Of the 41 articles with available statistics, 7 met our preregistered inclusion criteria but were excluded from the main analysis because they reported on a specific, unanticipated study design that is at very high risk of bias. These studies assessed the effectiveness of “challenges” or “pledges” in which, for example, subjects try to follow a vegan diet for one month. These studies shared two key design features: (1) subjects were not specifically recruited, but rather were individuals who had chosen to sign up for the challenge and who therefore may have been already highly motivated to reduce their consumption; and (2) there was no separate control group, but rather the challenge’s effectiveness was assessed by comparing within-subject changes in consumption after versus before the challenge. The combination of these two features is highly problematic: subjects with a strong pre-existing motivation to reduce consumption may have done so regardless of whether they took the challenge, and the lack of a separate control group precludes estimation of a valid treatment effect of the challenge even among this subset of highly motivated subjects. These studies also typically provided very limited statistical summaries; in many cases, we would not have had enough information to calculate an effect size that was statistically comparable to the risk ratios we estimated for other studies. For these reasons, we made a post hoc decision during data extraction to exclude studies with both of these features (subject self-selection and lack of a separate control group) from the main analysis. However, in keeping with our preregistered inclusion criteria, we report results that include these “self-selected within-subjects” (SSWS) studies in Section 3.6. Therefore, after excluding the 7 articles reporting on SSWS studies, our main analyses included 34 articles, totaling 100 point estimates.

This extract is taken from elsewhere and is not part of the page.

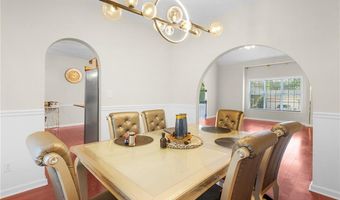 5046 Sunbrook Dr NW, Acworth, GA 30101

3.2. Characteristics of included articles and studies

Table 1 summarizes studies’ basic characteristics. We meta-analyzed data from 34 articles; 24% were published in peer-reviewed journals, and all others were dissertations, theses, conference proceedings, or reports by nonprofits. The chronologically first study (Byrd- Bredbenner et al., 2010) was published in 2010. The articles contributed a total of 100 point estimates, which were estimated using a total of 24,817 subjects. We will refer to these 100 estimates as “studies” to distinguish them from “articles”. We obtained 53% of statistical estimates from publicly available datasets; 28% by manually calculating statistics from information reported in the articles’ text, tables, or figures; and the remaining 19% from datasets provided by the study’s authors.

Table 1.

Basic characteristics of meta-analyzed studies and their interventions. Binary and categorical variables are reported as “count (percentage)”. Continuous variables are reported as “median (first quartile, third quartile)”.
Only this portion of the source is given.